There is a different extension .so binary file per PHP version, so if you change the PHP version configured for the stack please rerun the wrapper script which reinstalls the correct binary to match the new PHP version.
Troubleshooting
After installing the agent if traces and metric data do not appear in the AppOptics dashboard, please review the Troubleshooting page for tips on how to resolve.
Log File Locations
The PHP Agent log messages are sent to stderr, which is usually written to log files configured for the web server.
Apache
With the default apache2
install on a Debian/Ubuntu system the logfile is /var/log/apache2/error.log
, and with the default http
install on RHEL/CentOS/Amazon Linux this is /var/log/httpd/error.log
.
Nginx (PHP-FPM)
The main error log location is defined in the main config file (e.g. /etc/php/7.0/fpm/php-fpm.conf) and the location is /var/log/php7.0-fpm.log
. By default the PHP-FPM
workers redirect stdout and stderr to /dev/null. In order to redirect messages into the main error log, set this option in the pool config file (e.g. /etc/php/7.0/fpm/pool.d/www.conf):
catch_workers_output = yes
The string [AppOptics-...]
appears at the end of each agent message. By default only messages with verbosity warning or lower (error, etc.) are reported. To see debugging messages, please set the logging level to debug.

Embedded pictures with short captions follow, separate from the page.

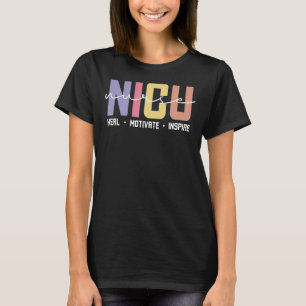 Nicu Nurse Love Inspire Heal Medicine Healthcare T-Shirt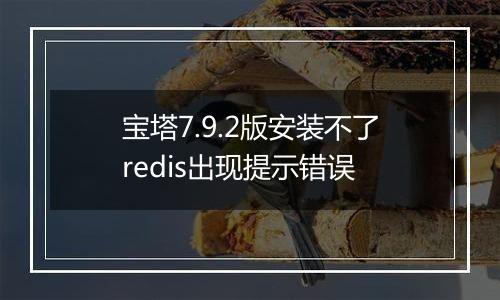 宝塔7.9.2版安装不了redis出现提示错误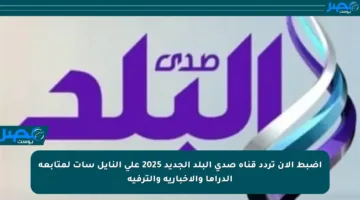 اضبط الآن تردد قناة صدى البلد الجديد 2025 على النايل سات لمتابعة الدراما والإخبارية والترفيه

More details in Troubleshooting.
Uninstalling the agent
Just like with the installation, you can either use the wrapper script to uninstall the PHP instrumentation or do it manually, if that's your preferred method.
Uninstalling via wrapper script
If your PHP and instrumentation is installed in the default location, all you need to do is to download the wrapper script (if you haven't already) and run it like so:
curl -sSO https://files.appoptics.com/appoptics-php.sh
sh appoptics-php.sh --mode=uninstall
If your PHP and instrumentation is installed in a non-default location
you can pass in the extra options --extension-dir=<DIR>
and
--ini-dir=<DIR>
. For a full list of options simply run the script
without any options (see Installing via wrapper
script).
Once the script completes, restart your application/service.
Uninstalling manually
These steps are only required if you're not using the wrapper script mentioned above but prefer to uninstall the PHP instrumentation manually.
Find your extensions directory by running php-config --extension-dir
and delete the file appoptics.so
.
Then find your INI directory by running
php -i | grep -i "additional .ini"
and delete the configuration
appoptics.ini
. Alternatively, if your AppOptics options live in the
main configuration file php.ini
, remove all AppOptics-specific
options from that configuration file.
Once the script completes, restart your application/service.